Lecture 18: Dependent types

Author: Adam Chlipala, with modifications by CS-628 and CS 6115 staff.
License: No redistribution allowed (usage by permission in CS-628 and CS 6115).

A motivating example
Length-Indexed Lists
- Side note: ilist without the n
The One Rule of Dependent Pattern Matching in Coq

Subset types and their relatives help us integrate verification with programming. But we have only scratched the tip of the iceberg that is Coq's mechanism for defining inductive types.

A motivating example

Consider the problem of defining a type of combinational circuits. With the tools we previously studied, we might chose to use a simple inductive type and an interpreter to give the semantics:

Module SimpleTypes.
  Inductive circuit: Set :=
  | ReadRegister (idx: nat) (* Variables *)
  | Constant (bs: list bool)
  | And (c0 c1: circuit)
  | Not (c: circuit)
  | Firstn (c: circuit) (len: nat)
  | Skipn (c: circuit) (idx: nat)
  | Append (c0 c1: circuit)
  | Mux (c c0 c1: circuit).

  Fixpoint simulate (regs: nat -> option (list bool)) (c: circuit)
    : list bool :=
    match c with
    | ReadRegister idx =>
        match regs idx with
        | Some bs => bs
        | None => []
        end
    | Constant bs => bs
    | And c0 c1 =>
        List.map (fun '(b0, b1) => andb b0 b1)
                 (List.combine (simulate regs c0) (simulate regs c1))
    | Not c =>
        List.map negb (simulate regs c)
    | Firstn c len =>
        List.firstn len (simulate regs c)
    | Skipn c idx =>
        List.skipn idx (simulate regs c)
    | Append c0 c1 =>
        simulate regs c0 ++ simulate regs c1
    | Mux c c0 c1 =>
        match simulate regs c with
        | [] => []
        | b :: _ => simulate regs (if b then c0 else c1)
        end
    end.

The resulting simulator can be run like this:

  Definition regs idx :=
    match idx with
    | 0 => Some [false;true;false]
    | 1 => Some [true]
    | _ => None
    end.

  Compute (simulate regs
             (Mux (ReadRegister 1)
                (And (ReadRegister 0) (Constant [false]))
                (Skipn (ReadRegister 1) 2))).= [false]
: list bool

End SimpleTypes.

Print sigT.Inductive sigT (A : Type) (P : A -> Type) : Type :=
    existT : forall x : A, P x -> {x : A & P x}.

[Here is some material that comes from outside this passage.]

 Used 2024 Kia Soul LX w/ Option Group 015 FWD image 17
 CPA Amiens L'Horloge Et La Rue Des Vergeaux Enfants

Arguments sigT [A]%type_scope P%type_scope
Arguments existT [A]%type_scope P%function_scope x _
Check proj1_sig.proj1_sig
     : forall (A : Type) (P : A -> Prop),
       {x : A | P x} -> A
Check proj2_sig.proj2_sig
     : forall (A : Type) (P : A -> Prop)
         (e : {x : A | P x}), P (proj1_sig e)

Unfortunately, this specification is not very readable: we need a default case for undefined registers; the And operation truncates if an argument is longer than the other; Firstn may return less than n bits, and Skipn may run out of bits before skipping as many as requested, etc.

In contrast, if we could ensure that circuits all have the expected bitwidth and that all register references are in bounds, we could eliminate all the unnecessary cruft. With dependent types, we can do just that. Vector.t A n is a list of exactly n elements of type A; and Fin.t n is a number < n.

Module DependentTypes.
  Section DependentTypes.
    Context {nregs: nat} {reg_widths: Vector.t nat nregs}.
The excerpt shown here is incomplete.